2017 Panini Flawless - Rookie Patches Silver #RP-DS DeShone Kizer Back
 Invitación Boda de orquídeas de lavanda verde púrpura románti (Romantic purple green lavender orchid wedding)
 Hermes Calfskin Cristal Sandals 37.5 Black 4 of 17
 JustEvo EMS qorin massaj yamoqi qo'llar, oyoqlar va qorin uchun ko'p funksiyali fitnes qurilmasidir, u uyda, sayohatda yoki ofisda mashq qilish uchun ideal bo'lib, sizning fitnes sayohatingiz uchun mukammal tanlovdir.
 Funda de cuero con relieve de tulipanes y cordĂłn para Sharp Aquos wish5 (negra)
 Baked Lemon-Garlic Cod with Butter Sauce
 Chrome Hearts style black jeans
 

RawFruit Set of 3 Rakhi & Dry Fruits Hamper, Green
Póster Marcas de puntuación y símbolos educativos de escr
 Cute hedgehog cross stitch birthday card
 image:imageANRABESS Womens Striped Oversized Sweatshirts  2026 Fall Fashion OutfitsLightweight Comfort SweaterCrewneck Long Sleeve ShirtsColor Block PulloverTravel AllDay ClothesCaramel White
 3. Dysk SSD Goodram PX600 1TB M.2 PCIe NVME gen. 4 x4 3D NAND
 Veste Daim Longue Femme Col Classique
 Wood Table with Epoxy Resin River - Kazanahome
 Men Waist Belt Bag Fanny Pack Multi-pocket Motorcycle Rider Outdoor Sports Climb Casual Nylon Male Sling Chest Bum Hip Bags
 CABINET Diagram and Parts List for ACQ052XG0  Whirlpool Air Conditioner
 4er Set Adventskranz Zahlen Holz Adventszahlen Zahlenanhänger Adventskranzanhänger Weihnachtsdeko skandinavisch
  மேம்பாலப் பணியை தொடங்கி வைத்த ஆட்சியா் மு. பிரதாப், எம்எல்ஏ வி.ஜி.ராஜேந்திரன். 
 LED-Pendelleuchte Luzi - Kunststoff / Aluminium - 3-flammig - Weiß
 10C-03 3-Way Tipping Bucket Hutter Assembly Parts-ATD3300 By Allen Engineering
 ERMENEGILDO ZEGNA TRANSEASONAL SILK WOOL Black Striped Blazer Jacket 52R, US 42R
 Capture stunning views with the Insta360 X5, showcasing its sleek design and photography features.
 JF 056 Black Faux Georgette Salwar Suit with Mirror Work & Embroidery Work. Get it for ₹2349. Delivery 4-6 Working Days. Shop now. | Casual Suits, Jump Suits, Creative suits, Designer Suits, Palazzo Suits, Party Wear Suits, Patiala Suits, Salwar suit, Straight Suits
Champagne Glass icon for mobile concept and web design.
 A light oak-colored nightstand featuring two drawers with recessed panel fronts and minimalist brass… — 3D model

====

## Task brief
Beginning with the line in which "Cute hedgehog cross stitch birthday card" appears, set down each line through the last one in the listing, unchanged and with no extras.

## Solution
 Cute hedgehog cross stitch birthday card
 image:imageANRABESS Womens Striped Oversized Sweatshirts  2026 Fall Fashion OutfitsLightweight Comfort SweaterCrewneck Long Sleeve ShirtsColor Block PulloverTravel AllDay ClothesCaramel White
 3. Dysk SSD Goodram PX600 1TB M.2 PCIe NVME gen. 4 x4 3D NAND
 Veste Daim Longue Femme Col Classique
 Wood Table with Epoxy Resin River - Kazanahome
 Men Waist Belt Bag Fanny Pack Multi-pocket Motorcycle Rider Outdoor Sports Climb Casual Nylon Male Sling Chest Bum Hip Bags
 CABINET Diagram and Parts List for ACQ052XG0  Whirlpool Air Conditioner
 4er Set Adventskranz Zahlen Holz Adventszahlen Zahlenanhänger Adventskranzanhänger Weihnachtsdeko skandinavisch
  மேம்பாலப் பணியை தொடங்கி வைத்த ஆட்சியா் மு. பிரதாப், எம்எல்ஏ வி.ஜி.ராஜேந்திரன். 
 LED-Pendelleuchte Luzi - Kunststoff / Aluminium - 3-flammig - Weiß
 10C-03 3-Way Tipping Bucket Hutter Assembly Parts-ATD3300 By Allen Engineering
 ERMENEGILDO ZEGNA TRANSEASONAL SILK WOOL Black Striped Blazer Jacket 52R, US 42R
 Capture stunning views with the Insta360 X5, showcasing its sleek design and photography features.
 JF 056 Black Faux Georgette Salwar Suit with Mirror Work & Embroidery Work. Get it for ₹2349. Delivery 4-6 Working Days. Shop now. | Casual Suits, Jump Suits, Creative suits, Designer Suits, Palazzo Suits, Party Wear Suits, Patiala Suits, Salwar suit, Straight Suits
Champagne Glass icon for mobile concept and web design.
 A light oak-colored nightstand featuring two drawers with recessed panel fronts and minimalist brass… — 3D model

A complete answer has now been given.